Right-multiplying both sides of Eq. (20) by \(\mathbf {P}_j\) and adding the result to Eq. (18) we obtain:

$$\begin{aligned} \varPhi _j = \varPhi _{j+1,e} + \varPhi _{j+1,o} \mathbf {P}_j, \end{aligned}$$

(21)

and then

$$\begin{aligned} \varPsi _j = \varPhi _{j+1,o}(\mathbf {I} - \mathbf {P}_j\mathbf {U}_j) - \varPhi _{j+1,e}\mathbf {U}_j. \end{aligned}$$

(22)

Let \(\varsigma _j = \int _{-\infty }^{\infty }{\varPhi _j^\intercal (t) dt}\). Then integrating equation (21) yields:

$$\begin{aligned} \varsigma _j = \varsigma _{j+1,e} + \mathbf {P}_j^\intercal \varsigma _{j+1,o}. \end{aligned}$$

(23)

Since the integral of the wavelet functions is zero, integrating equation (22) leads to:

$$\begin{aligned} \mathbf {0} = \varsigma _{j+1,o} - \mathbf {U}_j^\intercal \left( \mathbf {P}_j^\intercal \varsigma _{j+1,o} + \varsigma _{j+1,e} \right) = \varsigma _{j+1,o} - \mathbf {U}_j^\intercal \varsigma _j. \end{aligned}$$

(24)

The column vectors of \(\mathbf {U}_j\) can be retrieved in a one-by-one fashion from Eq. (24).
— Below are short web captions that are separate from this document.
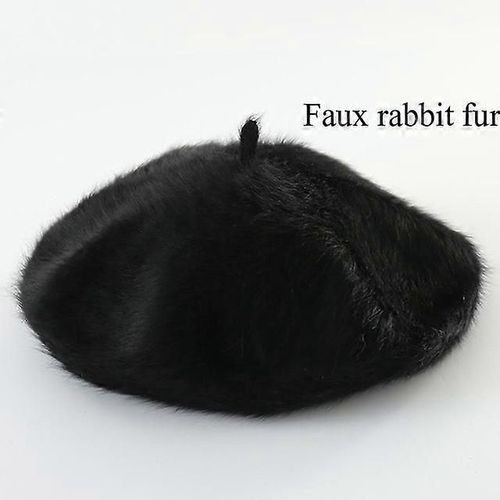 100% Laine Béret Chapeau Femmes Solide Bérets Plats Autum Hiver Chaud Français Élégant Artiste Béret Dames Mode Vintage Peintre Casquette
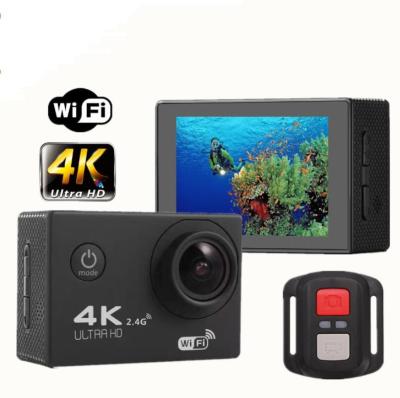 China Wifi Bottom Water Sports Camera Factory Wholesale Sport DV Vanish Waterproof Pro Video Camera DVR 4K Wifi Action Camera for sale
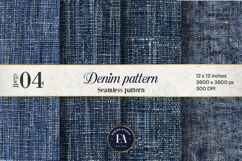 Blue Denim Texture, Denim Jeans pattern Product Image 1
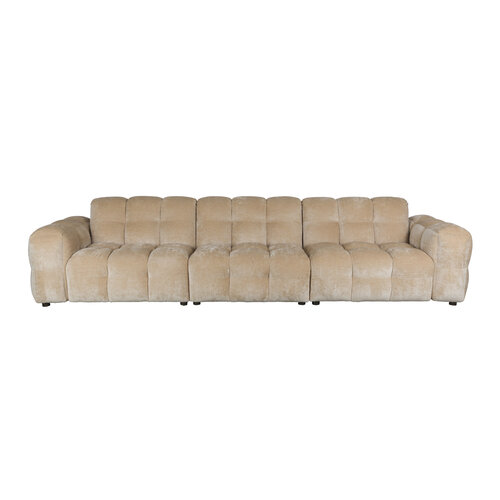 Dutchbone Hackman sofa 4,5 zit velours beige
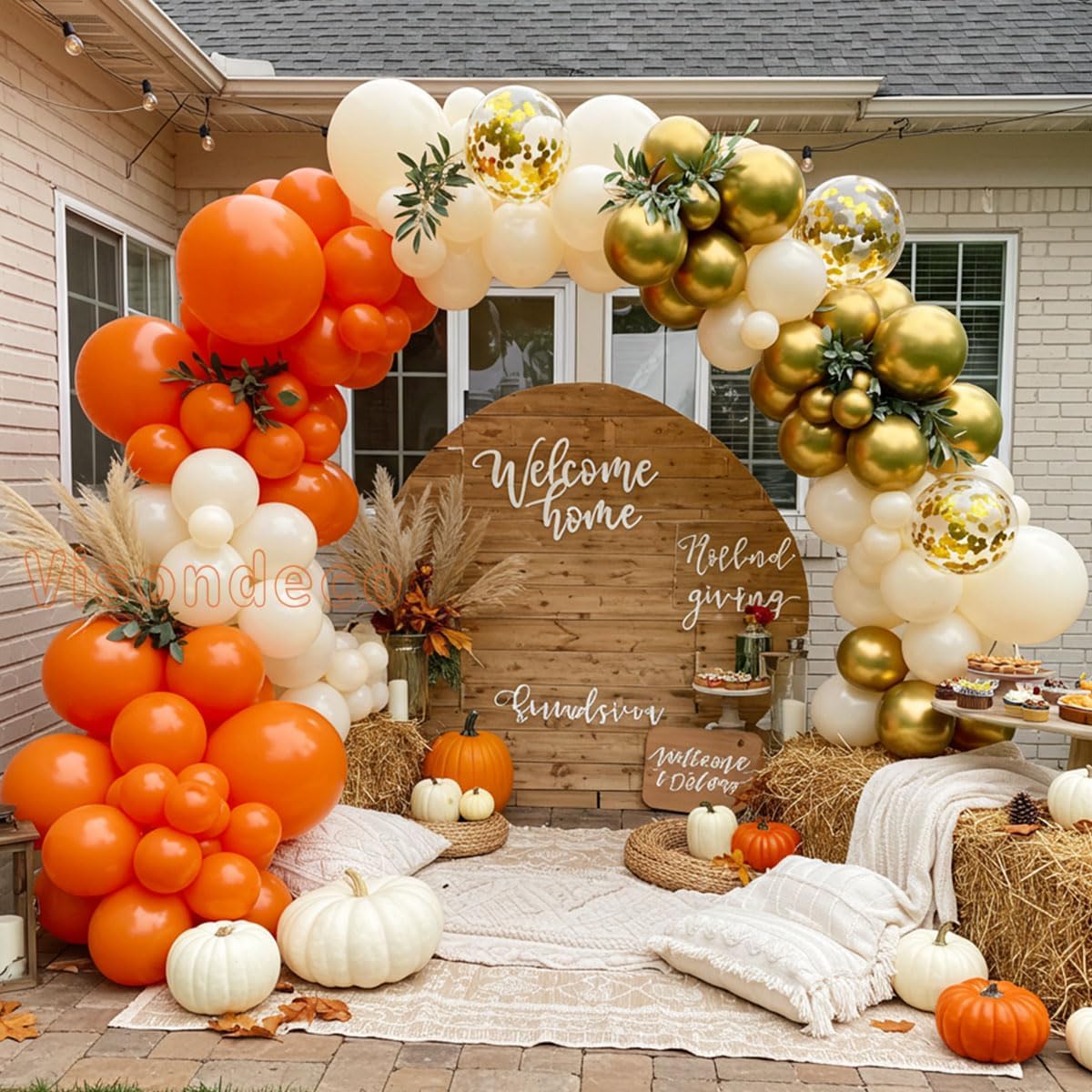 ชุดซุ้มลูกโป่งสีส้มแบบสองชั้น  - Balloon Arch Kit บทวิจารณ์และราคา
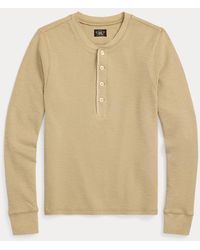 RRL - Henley Aus Waffelpiqué - Lyst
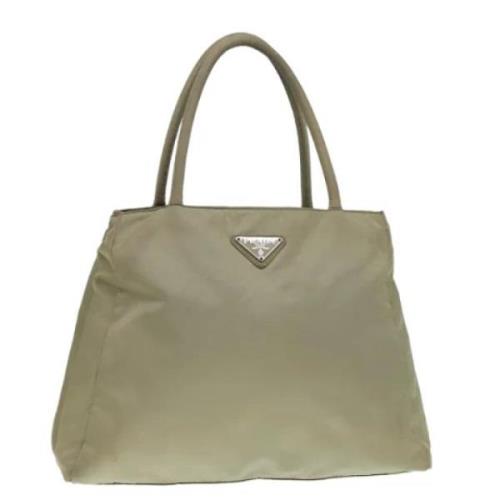 Prada Vintage Pre-owned Nylon prada-vskor Beige, Dam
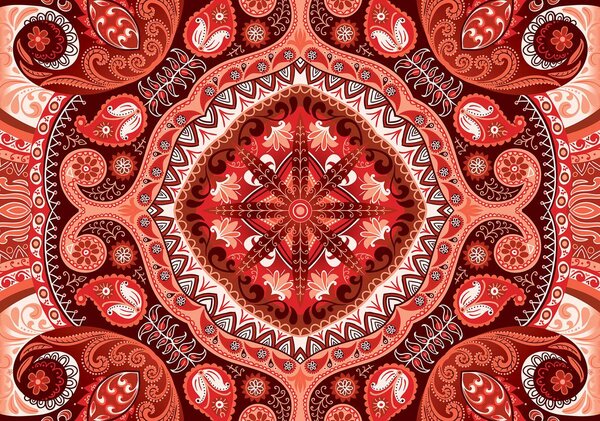 Foto tapeta - Crveni mozaik (152,5x104 cm)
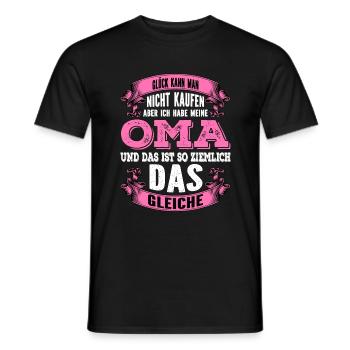 Oma Glück - Männer T-Shirt - Schwarz - Vorne - AI Model Male 178 light (178cm)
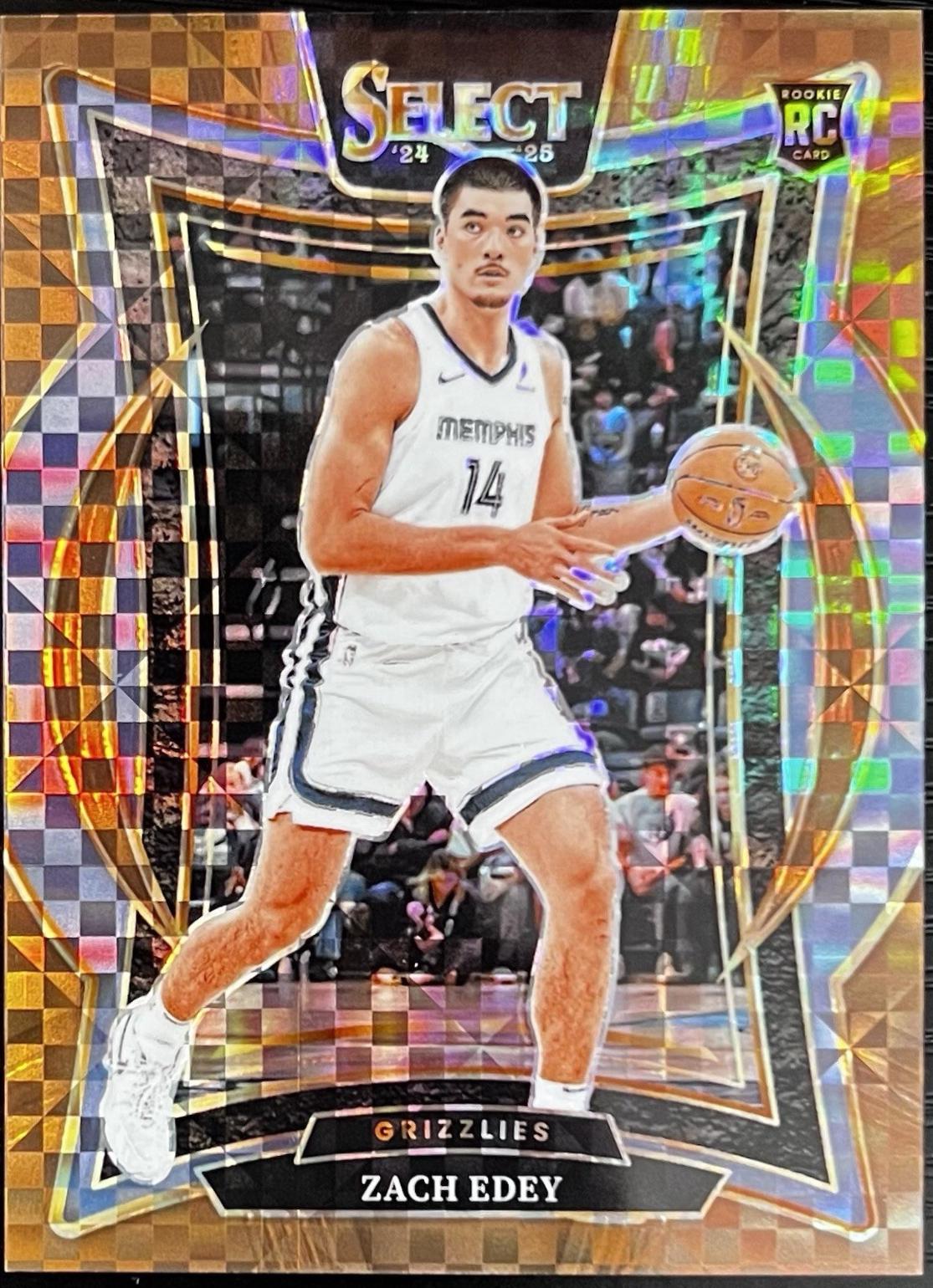Zach Edey [Bronze Checker Prizm] #98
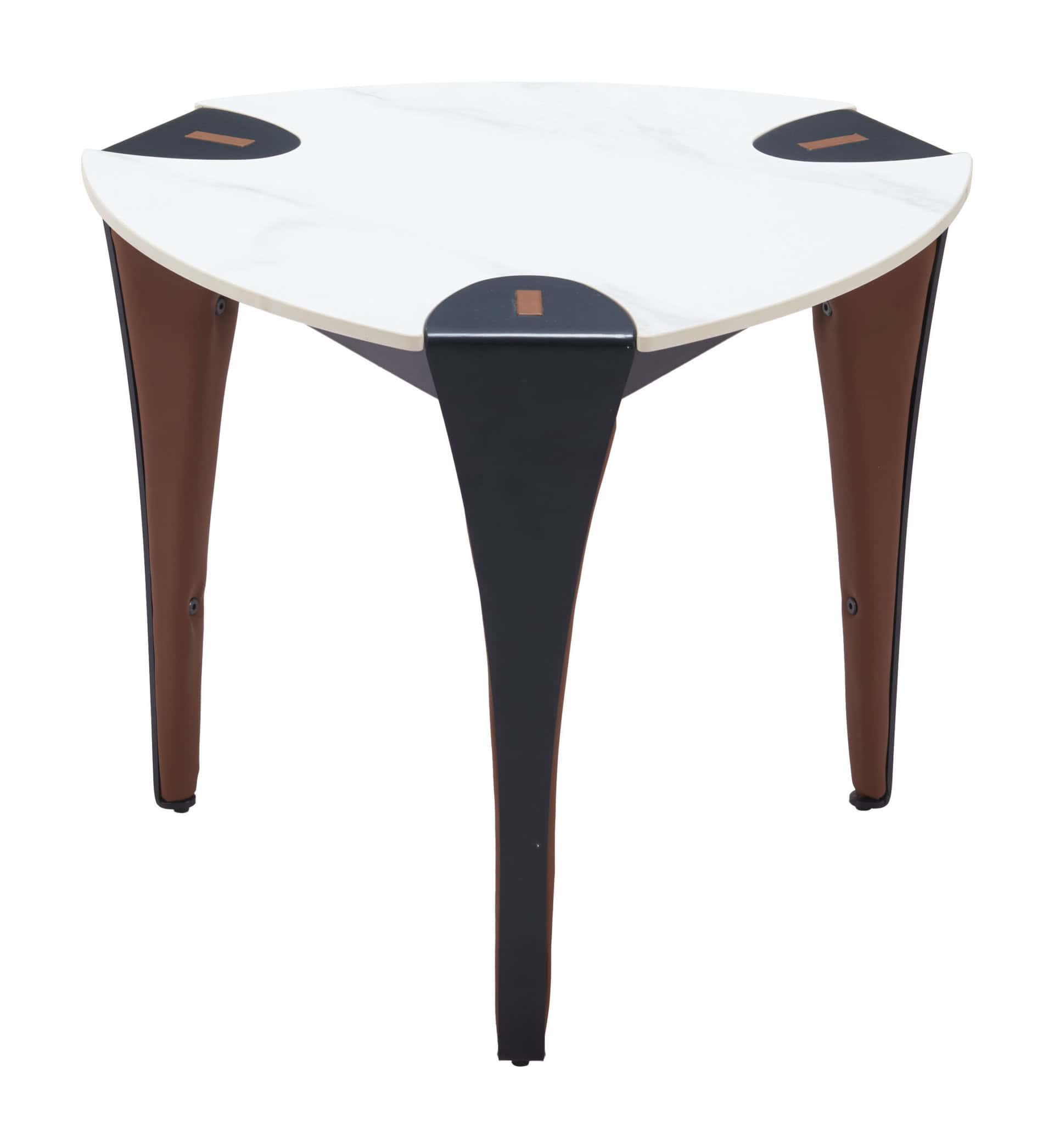 Multicolor End Table with Sintered Stone Top and Steel Legs 7 Multicolor End Table with Sintered Stone Top and Steel Legs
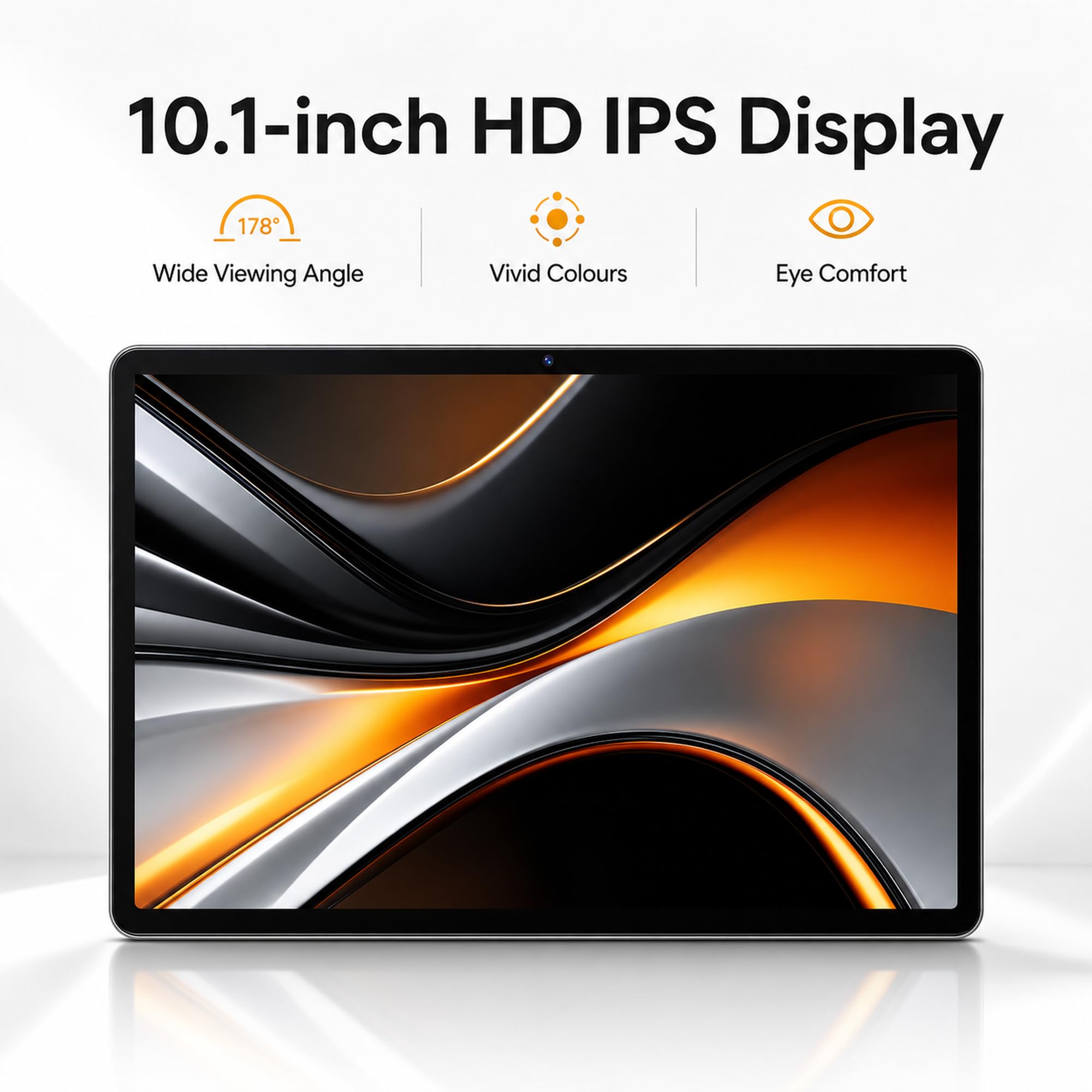 Tablet 10,1 Zoll Android 15 mit Tastatur und Maus, 16GB RAM 256GB ROM, 4G LTE, WLAN 6, Octa-Core, 8000mAh Akku, IPS HD Display, USB-C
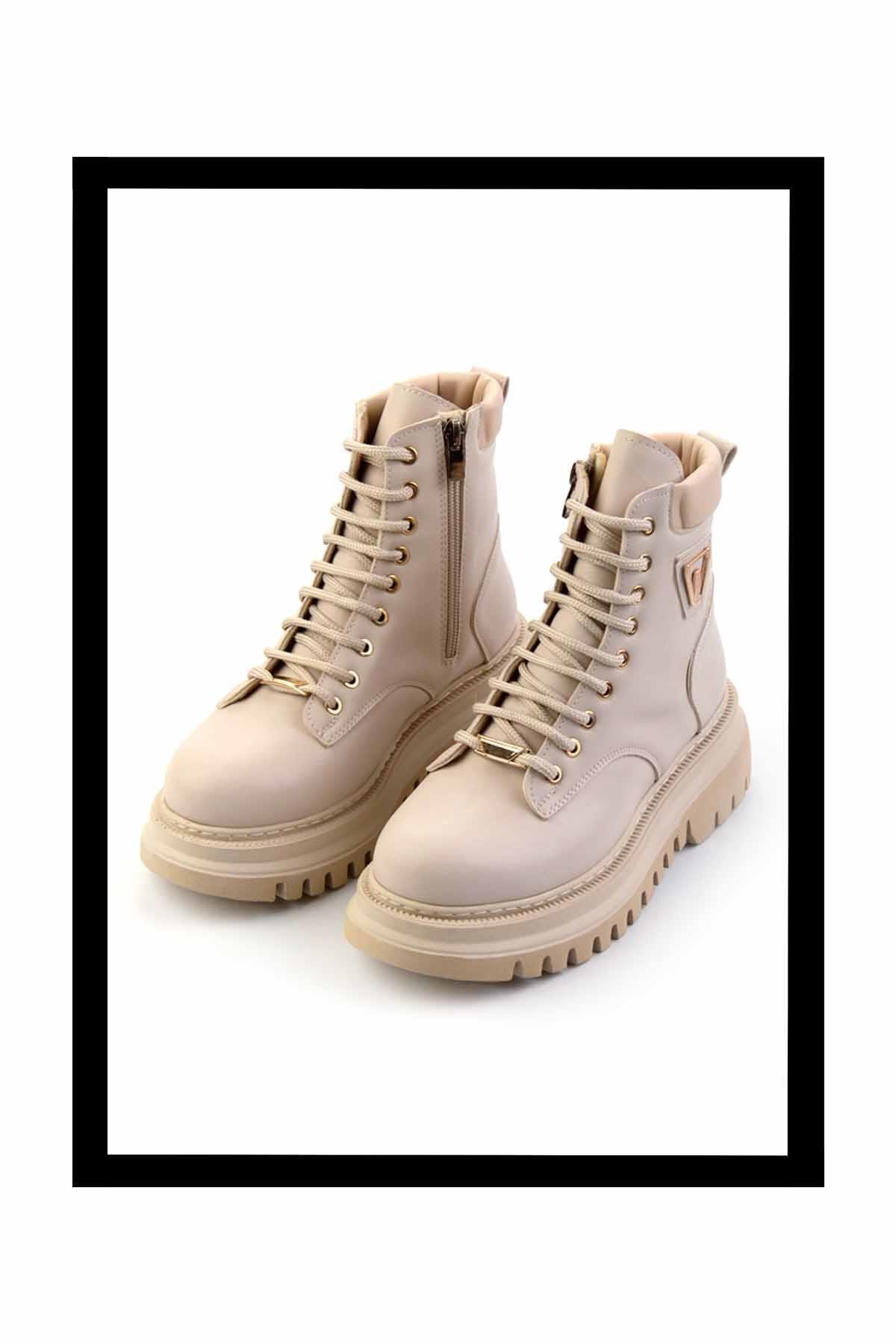 Bej  Kadın Bot & Bootie K02377030509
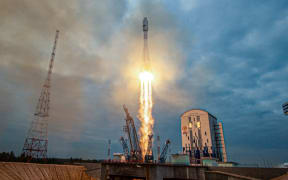 In this handout picture taken and released by the Russian Space Agency Roscosmos on August 11, 2023, a Soyuz 2.1b rocket with the Luna-25 lander blasts off from the launch pad at the Vostochny cosmodrome, some 180 km north of Blagoveschensk, in the Amur region. Russia launched its first probe to the Moon in almost 50 years on August 11, 2023, a mission designed to give fresh impetus to its space sector, which has been struggling for years and become isolated by the conflict in Ukraine. The launch of the Luna-25 probe is Moscow's first lunar mission since 1976, when the USSR was a pioneer in the conquest of space. The spacecraft is due to reach lunar orbit in five days. (Photo by Handout / Russian Space Agency Roscosmos / AFP) / RESTRICTED TO EDITORIAL USE - MANDATORY CREDIT "AFP PHOTO / Russian Space Agency Roscosmos / handout" - NO MARKETING NO ADVERTISING CAMPAIGNS - DISTRIBUTED AS...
If \(\mathbf {u}_{j_k}\) is the kth column vector, then

$$\begin{aligned} \varsigma _{{j+1,o}_k} = \mathbf {u}_{j_k}^\intercal \varsigma _{j_k}. \end{aligned}$$

(25)

It is suggested in [21] to choose the minimum norm solution of this equation as it leads to increased numerical stability, as experimentally shown in [9]. It results that

$$\begin{aligned} \mathbf {u}_{j_k} =\varsigma _{{j+1,o}_k} \frac{ \varsigma _{j_k} }{ \Vert \varsigma _{j_k} \Vert ^2 }. \end{aligned}$$

(26)

Wavelet Construction for Multivariate Graph Signals

We examine now the changes necessary to go from the above one-dimensional construction to multivariate signals defined on graphs. In general, we are interested in analyzing a function \(F(\mathbf {v})\) defined at every vertex \(\mathbf {v}\) of the graph. We regard the vertices as having vector coordinates in \(\mathbb {R}^n\). The purpose is to find appropriate scaling and wavelet function bases that are independent of the multivariate signal itself, but depend on the graph topology and its edge lengths. Thus, the framework construction we propose must also accommodate both univariate and multivariate functions by treating the latter as tuples of scalar-valued functions. Instead of discussing about time series indices, we now view the graph nodes as means to identify samples where the information is concentrated. The odd-even split is extended to graph vertices, denoting \(V_{o_l}\) and \(V_{e_l}\) the odd and even subsets at level l, respectively. The notion of parity is irrelevant for graphs, the odd and even denominations serving a labeling purpose. If \(\mathbf {v}_{i_l} \in {V}_{e_l}\) denotes a vertex from the approximation set at level l, we refer to its corresponding scaling vector of coefficients by using the \(\mathbf {s}_{l,\mathbf {v}_{i_l}}\) notation. At the highest level of resolution, L, we assimilate the scaling vector to the vertex coordinates, i.e. \(\mathbf {s}_{L, \mathbf {v}_{i_L}} := \mathbf {v}_{i_L}^\intercal \). We adopt the same convention for denoting the scaling functions, i.e. \(\phi _{l,\mathbf {v}_{i_l}}\), which are scalar valued. The situation is identical for the detail components, which correspond to the odd samples, \(\mathbf {v}_{j_l} \in V_{o_l}\), at level l. The detail vector associated with \(\mathbf {v}_{j_l}\) will be denoted by \(\mathbf {w}_{l,\mathbf {v}_{j_l}}\), while for the wavelet functions the \(\psi _{l,\mathbf {v}_{j_l}}\) notation will be adopted. Using these conventions, we can express the equivalent multiresolution decomposition equation for graphs as

$$\begin{aligned} F(\mathbf {v}) = \sum _{l \ge 0 } \sum _{\mathbf {v}_o \in V_{o_l}} \mathbf {w}_{l,\mathbf {v}_o} \psi _{l, \mathbf {v}_o } (\mathbf {v}) + \sum _{\mathbf {v}_e \in V_{e_l} } \mathbf {s}_{0, \mathbf {v}_e} \phi _{0, \mathbf {v}_e}(\mathbf {v}). \end{aligned}$$

(27)

By arranging the scaling and wavelet functions into row vectors, we reproduce Eqs. (21) and (22), establishing the relationship at consecutive resolution levels through the means of prediction and update filters, i.e.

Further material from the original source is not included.